Seorang suporter berusia 16 tahun yang lahir pada 2010, tahun terakhir Paraguay tampil di Piala Dunia, mengungkapkan kebahagiaannya: “Banyak orang meragukan kami. Sekarang semua orang akan tahu siapa Paraguay!”
Semangat Khas Paraguay
Pakar sepak bola Amerika Selatan, Tim Vickery, menilai kemenangan ini mewakili karakter khas Paraguay. “Mereka mencintai kesulitan. Semakin sulit, semakin hidup. Mereka bermain dalam keterbatasan, tetapi drama dan kisahnya luar biasa,” katanya. Mantan pemain Skotlandia Pat Nevin menambahkan, “Kami menonton sepak bola untuk emosi, kegembiraan, dan momen spesial. Inilah yang kami saksikan di lapangan.”
Pelatih Gustavo Alfaro: Hati yang Tak Pernah Menyerah
Pelatih asal Argentina, Gustavo Alfaro, yang mengambil alih tim sejak kualifikasi, memuji semangat anak asuhnya. “Kami mungkin memiliki kekurangan, tetapi kami memiliki hati yang tak pernah menyerah.

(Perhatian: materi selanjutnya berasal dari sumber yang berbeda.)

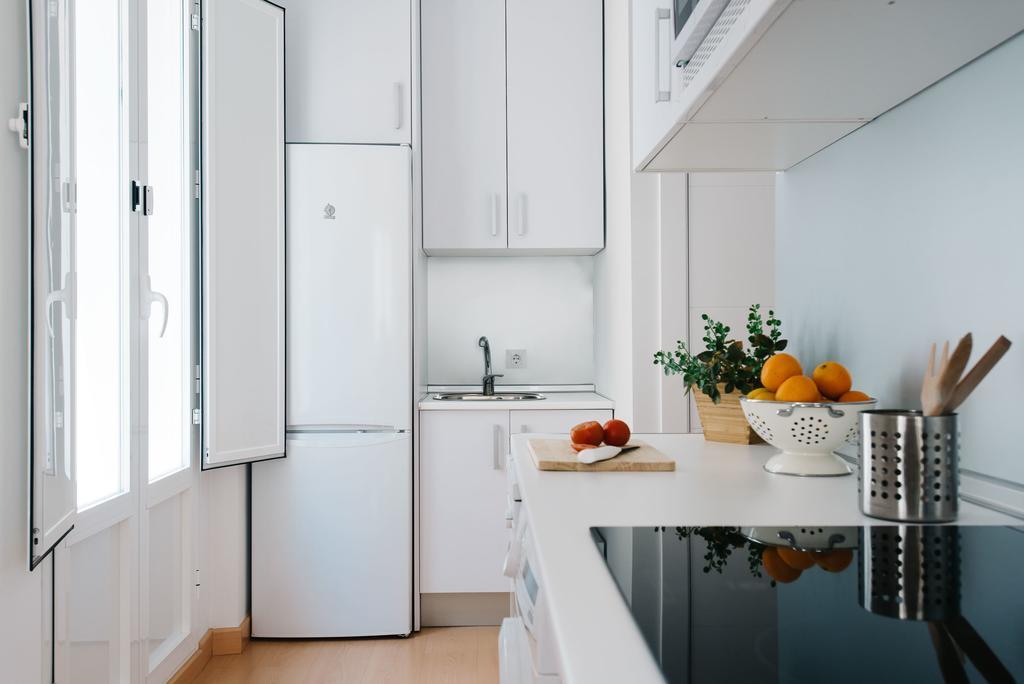 Hostly Acetres 2A-Penthouse In City Center-Fibre-Parking Opt セビリア エクステリア 写真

Itulah yang membuat kami tetap hidup,” ujarnya. Alfaro berharap seluruh rakyat Paraguay bisa menikmati momen ini.
Langkah Selanjutnya di Piala Dunia 2026
Paraguay kini akan menghadapi pemenang antara Prancis dan Swedia di babak 16 besar pada Sabtu mendatang. Apapun hasilnya, kemenangan atas Jerman telah mengukir sejarah baru. Paraguay tidak hanya mengalahkan raksasa Eropa, tetapi juga memberikan kebanggaan yang akan dikenang sepanjang masa. “Kami mempersembahkan ini untuk seluruh rakyat Paraguay,” tutup Gomez.